職員と意見が合わずに福祉施設を退職したころ、アムネスティジャパンのニューズレターの中にスタッフ募集の知らせを見つけ応募、1995年から東京で働き始めることになる。そこで、日本の難民問題に正面 から向き合うようになったという。

アムネスティで働き始めて2年目の1997年、前年にできたばかりのピースウィンズ・ジャパンから、クルド難民に関する相談があった。同団体との関わりができていく中で、同団体の統括責任者である大西健丞氏と意気投合、同団体で働くこととなった。現在は渉外担当として世界中を飛び回る日々である。

■「やりたいこと」と仕事

世界を知りたいから、日本を飛び出す。日本を変えたいから、社会的活動をする。やろうと思うことをやっているうちにここまできた。今は「やりたいこと」と仕事がたまたま一緒になっている…というのが、僕の受けた印象だった。

もし石井さんがNGOで働けなかったら、社会的活動をしていなかっただろうか。答えはもちろんNOだ。「やりたいことを貫き通 す」というと強靭な意志を持った人を想像してしまうかもしれない。しかし石井さんにその種の気負いは感じられない。

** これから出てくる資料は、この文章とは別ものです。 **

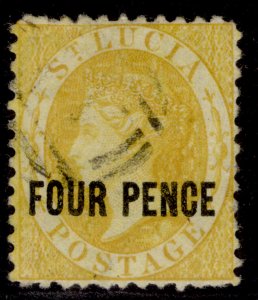 ST. LUCIA QV SG30, 4d yellow, FINE USED. Cat £32.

社会的な活動に対する「想い」は、大学院時代のボランティア活動から、NGOの有給スタッフとしての今の仕事に至るまで変わっていないという。自分がいて社会があって、社会に対する不満がある。だから社会活動に関わっていく。そう考えれば、NGO活動は社会にいる限り当然の行為なのかもしれない。「仕事をして賃金を得ていくこと」を特別 視しないでいるからこそ「やりたいこと」を諦めずに追いかけられる強さがある。石井さんにとって、仕事は心地のいい社会を作っていくための一つの手段なのだろう。